購入商品はPBへスイッチ、新商品より既存品
食料品において購買場所が変化していることがわかりましたが、商品の選択に変化はないのでしょうか? ここでは、消費者物価指数の上昇率の高いマヨネーズ、ポテトチップス、炭酸飲料の購入ブランドの変化を見ていきます。
マヨネーズ、ポテトチップスはPBへ
マヨネーズの、ナショナルブランド(以下、NB)の代表格であるキユーピーマヨネーズ(キユーピーハーフ含む)の数量シェアは、2018年の53%から、2022年には43%に低下しており、マヨネーズにおけるNB全体では対2018年比で89%へ縮小しています。一方、プライベートブランド(以下、PB)全体では、対2018年比で169%伸長していることから、PBシフトがうかがえます(図表3)。
また、ポテトチップスでは、カルビーブランドの商品の数量シェアが2018年の58%から2022年は48%へ低下しており、ポテトチップスにおけるNB全体のシェアは、対2018年比で95%へ縮小しています。一方、PB全体では、対2018年比で160%伸長しており、マヨネーズ同様PBへのシフトが見られます。

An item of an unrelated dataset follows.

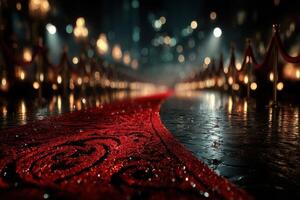 Red carpet path with dramatic lighting and elegant lanterns set for a lavish event in a bustling city photo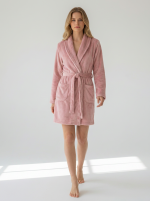 Harmony Dusty Pink Φλις Δετή Γυναικεία Ρόμπα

マヨネーズ、ポテトチップスの2018年から2022年の年平均物価上昇率(消費者物価指数)はそれぞれ125%、120%であるのに対して、QPRにおける1点あたりの平均単価の上昇率はそれぞれ118%、113%であることから、各商品の市場売価の上昇を受けて、安価なPBへとブランドスイッチが起きたと考えられます(図表4)。

炭酸飲料は冒険しなくなった
次に、毎年新商品が多く発売されるNBの炭酸飲料に注目します。

炭酸飲料(650ml以下のパーソナルサイズ、以下同様)の新商品の本数シェアは、2018年の23%から2022年は17%へ低下しています。新商品・リニューアル品のアイテム数の縮小率83%をふまえても、本数シェアの縮小率73%のほうが大きく、新商品から既存品への選択のシフトが起きていると言えます(図表6)。

また、NBの炭酸飲料のうち、本数シェア70%を占めるアイテム数は、2018年の101個から2022年の122個へと増加していることから、購買される商品のばらつき、NBのロングテール化がうかがえます(図表7)。

2018年は、ペプシやカナダドライなど大型ブランドからの新ブランド発売、歴史あるキリンレモンブランドの大規模リニューアル(大人のキリンレモンブランドからキリンレモンへ)と、新発売・リニューアル発売の話題の多い年でしたが、上位70%に占める新商品・リニューアル品のアイテム数は、2018年も2022年も32個と同数で変わらないことから、ロングテール化は既存品によりもたらされていると考えられ、炭酸飲料市場は新商品から既存品、売れ筋品からそうでない商品へシフトしていると考えられます。